In the final romantic conflict, he and his love interest decide to get married, then he ruins it by saying they can't until he designs and builds the perfect house(he's an architect) She sensibly points out that they have years, but he says he has to begin married life in a house he can live in for the rest of his life. He obsesses nonstop about creating the house, and when he eventually designs it, he rushes to propose again. When he does, she realizes that yes, he was an ass and made their entire relationship depend on when he could build the house, but also that he did that because he wanted it to be perfect for her, and that he really was trying his hardest to change for her and be what she wanted. It wasn't about changing the person you love or forcing them to accept you, but about learning to accept the person you love.
The Lindskold started out kinda weak. Most of the focus the first 200 pages or so had Firekeeper and Blind Seer backburnered. While I like the characters and story in the human court, what makes them interesting is Firekeeper and Blind Seer's perspective of them.

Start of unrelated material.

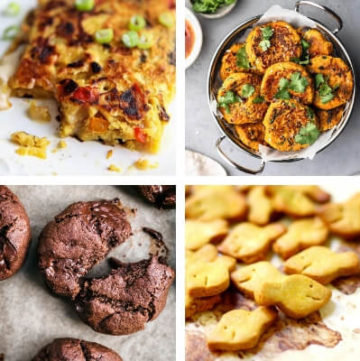 A collage of 4 pictures showing examples of chickpea flour recipes including omelets, cookies, crackers, and fritters.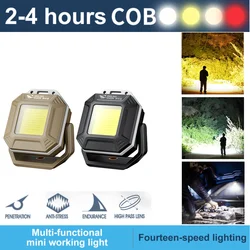 COB LED Flashlight Magnetic Work Light Rechargeable LED Flashlight Inspection Lamp Outdoor Camping Lantern Car Repair Lamp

Around the 200 mark, though, it gets much better as Firekeeper is called back to her homeland and the narrative started switching between her and the royal animals, and the human court, and now that Firekeeper is back with her human friends, it's back to being fairly centric on her(I think Derian is being too prominent, but I accept that there's a good story basis for it...it'sd just that it's a feminist wild girl fantasy...the human stable bow shouldn't be as prominent as her.)
There was a very sweet and romantic moment where Blind Seer told her he was sad that he didn't get to see her in her glorious beauty(I forget his exact wording, but some version of "glory" was involved) at the wedding.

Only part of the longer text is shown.